In [1]:
import sys
sys.path.append("../src/")
import gym
import random
from config import ENV_NAME
from process_image import process_image
from plugin_write_and_run import write_and_run

In [2]:
%%write_and_run ../src/replay_buffer.py
import os
import random
import numpy as np

In [3]:
%%write_and_run -a ../src/replay_buffer.py

class ReplayBuffer(object):
    """
    Replay Memory that stores the last size transitions
    """
    def __init__(self, size: int=1000000, input_shape: tuple=(84, 84), history_length: int=4, reward_type: str = "integer"):
        """
        Arguments:
            size: Number of stored transitions
            input_shape: Shape of the preprocessed frame
            history_length: Number of frames stacked together that the agent can see
        """
        self.size = size
        self.input_shape = input_shape
        self.history_length = history_length
        self.count = 0  # total index of memory written to, always less than self.size
        self.current = 0  # index to write to

        # Pre-allocate memory
        self.actions = np.empty(self.size, dtype=np.int32)
        self.rewards = np.empty(self.size, dtype=np.float32)
        self.frames = np.empty((self.size, self.input_shape[0], self.input_shape[1]), dtype=np.uint8)
        self.terminal_flags = np.empty(self.size, dtype=np.bool)
        self.priorities = np.zeros(self.size, dtype=np.float32)
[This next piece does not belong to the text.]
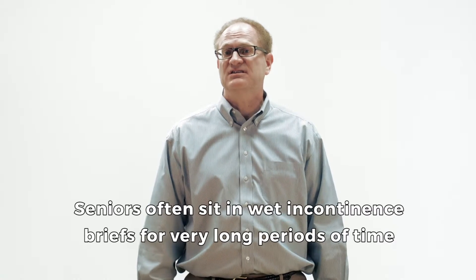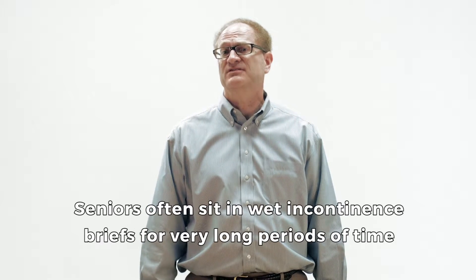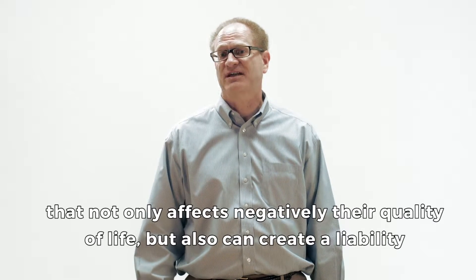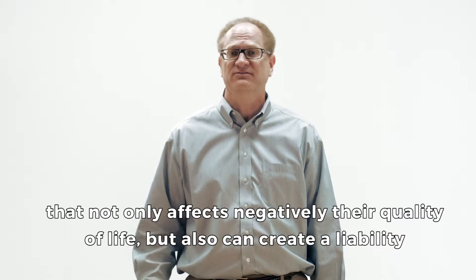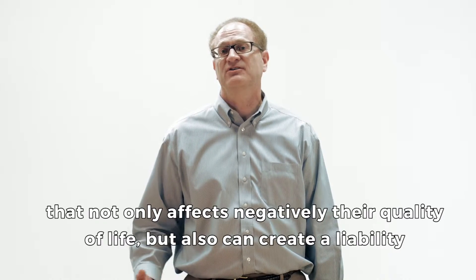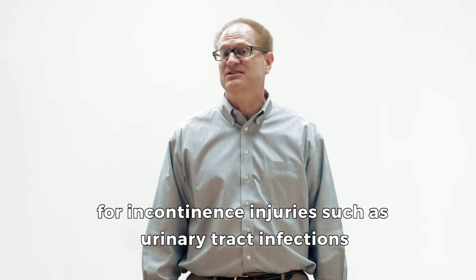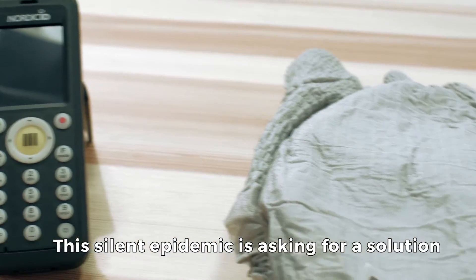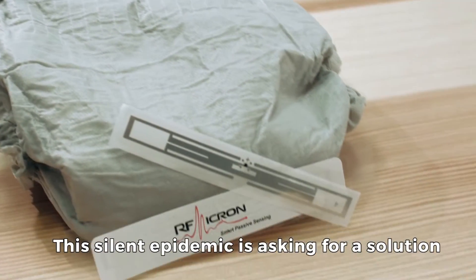Seniors often sit in wet incontinence briefs for very long periods of time, which not only negatively affects their quality of life, but also creates a liability for incontinence injuries such as urinary tract infections. This silent epidemic is asking for a solution.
        self.reward_type = reward_type

    def add_experience(self, action, frame, reward, terminal, clip_reward=True, reward_type="integer"):
        """Saves a transition to the replay buffer

        Arguments:
            action: An integer between 0 and env.action_space.n - 1 
                determining the action the agent perfomed
            frame: A (84, 84, 1) frame of the game in grayscale
            reward: A float determining the reward the agend received for performing an action
            terminal: A bool stating whether the episode terminated
        """
        if frame.shape != self.input_shape:
            raise ValueError('Dimension of frame is wrong!')

        if clip_reward:
            if reward_type == "integer":
                reward = np.sign(reward)
            else:
                reward = np.clip(reward, -1.0, 1.0)
        # Write memory
        self.actions[self.current] = action
        self.frames[self.current, ...] = frame
        self.rewards[self.current] = reward
        self.terminal_flags[self.current] = terminal
        self.priorities[self.current] = max(self.priorities.max(), 1)  # make the most recent experience important
        self.count = max(self.count, self.current+1)
        self.current = (self.current + 1) % self.size # when a < b then a % b = a

    def get_minibatch(self, batch_size: int = 32):
        """
        Returns a minibatch of size batch_size

        Arguments:
            batch_size: How many samples to return

        Returns:
            A tuple of states, actions, rewards, new_states, and terminals
        """

        if self.count < self.history_length:
            raise ValueError('Not enough memories to get a minibatch')

        indices = []
        for i in range(batch_size):
            while True:
                # Get a random number from history_length to maximum frame
                index = random.randint(self.history_length, self.count - 1)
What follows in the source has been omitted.